This is a classic source book of WWII Pacific Wrecks. An famous book full of mystery, intriguing photographs, and all the lore and mystique of rusting Japanese and Allied relics. It is arguably the first book published specificially on the topic of Pacific war wrecks.

Previously, it was almost impossible to obtain, as it was originally published in 1979. A new 1999 reprint once again makes this book avaliable from its original publisher, Kookaburra Press in Australia. An antique book dealer on the internet is offering a first edition copy of the book for over $200. So, perhaps, this book also has the distinction of being the most collectable on the topic to!

The book begins with Darby's introduction titled "Aircraft Relics Today - Fact and Fiction" is as classic as texts get for the field of Pacific Wrecks. Although it was written in 1979, and sadly many of the wreck described have since been removed, destroyed, scrapped or have unknown fates, or are now the possession of unknown millionaires, it is still fun to read.

The photographic survey is from 1973 - 1976, and many of the pictures are reproduced in color most wrecks are from Papua New Guinea, Irian Jaya or the Solomon Islands. The author chooses wisely to be vague about the locations of many of the wrecks, referring to most as B-17 in grassy swamp, or G4M in the Solomons.

The book has wonderful images of the famous New Guinea B-17 "Swamp Ghost", that, sadly since has been stripped of all the equipment that are shown in in the pictures, including its oxygen tanks, instruments, guns and ammunition. Or the Ki-61 640 that set down on a grassy plane, completely intact damage!

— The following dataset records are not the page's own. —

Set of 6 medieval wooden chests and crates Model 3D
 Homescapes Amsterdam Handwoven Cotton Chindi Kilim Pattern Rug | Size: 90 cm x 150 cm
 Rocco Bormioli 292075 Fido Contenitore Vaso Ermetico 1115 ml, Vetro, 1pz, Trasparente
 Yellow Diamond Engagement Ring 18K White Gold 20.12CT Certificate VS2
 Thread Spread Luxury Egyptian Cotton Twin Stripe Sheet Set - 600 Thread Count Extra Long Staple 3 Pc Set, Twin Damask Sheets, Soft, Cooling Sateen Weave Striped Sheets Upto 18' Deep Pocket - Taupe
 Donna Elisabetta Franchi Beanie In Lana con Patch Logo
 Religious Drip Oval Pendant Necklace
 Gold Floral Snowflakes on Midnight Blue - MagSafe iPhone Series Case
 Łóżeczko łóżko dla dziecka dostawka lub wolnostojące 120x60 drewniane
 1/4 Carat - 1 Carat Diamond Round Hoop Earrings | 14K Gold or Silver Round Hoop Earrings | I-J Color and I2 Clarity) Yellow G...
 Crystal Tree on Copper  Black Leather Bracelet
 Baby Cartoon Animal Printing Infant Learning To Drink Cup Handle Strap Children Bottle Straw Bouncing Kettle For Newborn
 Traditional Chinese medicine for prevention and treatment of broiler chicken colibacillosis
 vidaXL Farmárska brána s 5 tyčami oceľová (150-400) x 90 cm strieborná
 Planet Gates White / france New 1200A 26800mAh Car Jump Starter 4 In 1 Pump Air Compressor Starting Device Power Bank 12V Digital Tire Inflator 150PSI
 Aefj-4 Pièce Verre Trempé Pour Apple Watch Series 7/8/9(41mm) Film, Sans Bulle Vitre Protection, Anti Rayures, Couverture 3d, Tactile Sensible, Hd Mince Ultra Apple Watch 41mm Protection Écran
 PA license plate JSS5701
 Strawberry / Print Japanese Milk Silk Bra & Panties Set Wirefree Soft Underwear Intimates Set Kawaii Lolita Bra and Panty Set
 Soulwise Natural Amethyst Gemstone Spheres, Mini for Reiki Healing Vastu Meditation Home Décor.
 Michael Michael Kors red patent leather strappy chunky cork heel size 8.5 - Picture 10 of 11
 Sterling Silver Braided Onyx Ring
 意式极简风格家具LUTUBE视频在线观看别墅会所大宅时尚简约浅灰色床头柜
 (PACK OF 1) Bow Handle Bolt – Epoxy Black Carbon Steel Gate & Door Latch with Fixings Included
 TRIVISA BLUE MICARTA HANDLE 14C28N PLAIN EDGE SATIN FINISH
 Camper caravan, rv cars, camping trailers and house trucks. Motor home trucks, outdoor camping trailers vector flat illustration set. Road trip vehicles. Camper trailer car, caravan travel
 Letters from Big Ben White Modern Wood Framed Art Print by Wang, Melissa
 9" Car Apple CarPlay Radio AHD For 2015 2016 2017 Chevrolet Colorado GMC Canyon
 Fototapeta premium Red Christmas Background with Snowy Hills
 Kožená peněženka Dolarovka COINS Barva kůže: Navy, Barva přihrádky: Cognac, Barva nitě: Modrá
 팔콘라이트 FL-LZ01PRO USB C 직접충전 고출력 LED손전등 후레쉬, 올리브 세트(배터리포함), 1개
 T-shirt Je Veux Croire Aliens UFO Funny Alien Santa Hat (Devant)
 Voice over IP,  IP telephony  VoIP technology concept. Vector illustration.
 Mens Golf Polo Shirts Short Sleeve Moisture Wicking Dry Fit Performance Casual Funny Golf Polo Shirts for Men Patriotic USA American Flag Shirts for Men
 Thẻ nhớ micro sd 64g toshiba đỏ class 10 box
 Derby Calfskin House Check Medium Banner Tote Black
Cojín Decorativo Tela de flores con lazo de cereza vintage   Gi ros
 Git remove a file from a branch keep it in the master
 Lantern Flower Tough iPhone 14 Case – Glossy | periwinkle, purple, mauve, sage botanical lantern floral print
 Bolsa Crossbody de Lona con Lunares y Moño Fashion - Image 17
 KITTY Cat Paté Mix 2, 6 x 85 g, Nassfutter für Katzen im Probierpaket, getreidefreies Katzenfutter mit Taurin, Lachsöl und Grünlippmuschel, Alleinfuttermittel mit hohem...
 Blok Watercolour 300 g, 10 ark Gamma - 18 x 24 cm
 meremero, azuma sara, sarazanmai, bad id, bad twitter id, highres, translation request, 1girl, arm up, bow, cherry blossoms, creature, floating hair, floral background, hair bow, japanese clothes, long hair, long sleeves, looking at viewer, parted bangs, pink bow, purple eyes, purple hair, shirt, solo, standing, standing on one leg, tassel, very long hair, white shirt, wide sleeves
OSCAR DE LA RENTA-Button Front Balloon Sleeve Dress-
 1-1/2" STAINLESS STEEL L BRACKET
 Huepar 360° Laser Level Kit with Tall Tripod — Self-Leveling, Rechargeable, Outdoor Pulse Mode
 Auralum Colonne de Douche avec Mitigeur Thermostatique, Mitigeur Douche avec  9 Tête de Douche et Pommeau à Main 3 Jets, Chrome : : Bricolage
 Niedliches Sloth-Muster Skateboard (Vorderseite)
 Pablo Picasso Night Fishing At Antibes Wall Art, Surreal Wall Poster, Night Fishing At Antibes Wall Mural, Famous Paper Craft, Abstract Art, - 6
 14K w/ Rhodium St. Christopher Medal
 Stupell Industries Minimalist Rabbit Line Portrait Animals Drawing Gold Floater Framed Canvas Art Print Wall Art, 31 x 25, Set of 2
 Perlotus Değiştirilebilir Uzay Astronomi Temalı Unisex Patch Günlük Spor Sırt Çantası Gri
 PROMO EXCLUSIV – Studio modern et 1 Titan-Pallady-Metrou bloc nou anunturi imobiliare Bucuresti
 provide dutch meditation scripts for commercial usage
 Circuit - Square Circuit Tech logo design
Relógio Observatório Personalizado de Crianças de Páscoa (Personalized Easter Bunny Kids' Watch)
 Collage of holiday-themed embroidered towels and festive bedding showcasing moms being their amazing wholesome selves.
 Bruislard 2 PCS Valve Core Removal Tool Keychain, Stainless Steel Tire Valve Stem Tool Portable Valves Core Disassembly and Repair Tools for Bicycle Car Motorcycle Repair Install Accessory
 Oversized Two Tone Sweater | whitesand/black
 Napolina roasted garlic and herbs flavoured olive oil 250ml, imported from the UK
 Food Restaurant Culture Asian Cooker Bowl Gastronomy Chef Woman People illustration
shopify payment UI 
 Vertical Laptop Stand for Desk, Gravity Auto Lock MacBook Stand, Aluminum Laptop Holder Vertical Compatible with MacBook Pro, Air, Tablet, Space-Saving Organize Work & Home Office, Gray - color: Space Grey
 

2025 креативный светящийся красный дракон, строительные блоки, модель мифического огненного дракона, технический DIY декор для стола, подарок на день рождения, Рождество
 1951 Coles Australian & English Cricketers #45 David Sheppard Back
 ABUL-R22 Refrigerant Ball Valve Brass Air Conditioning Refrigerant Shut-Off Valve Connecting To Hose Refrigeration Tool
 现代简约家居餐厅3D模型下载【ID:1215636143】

Although most of the complete aircraft have been salvaged since the photos were taken it is an amazing legacy of what remained decades after the war. Darby himself has been involved with the recovery of many of these airframes himeself. The issue of salvage vs. preservation aside, he was undoubtedly a major post war force in wreck knowledge and has published the most widely reproduced photographs of many of these now classic Pacific warbirds.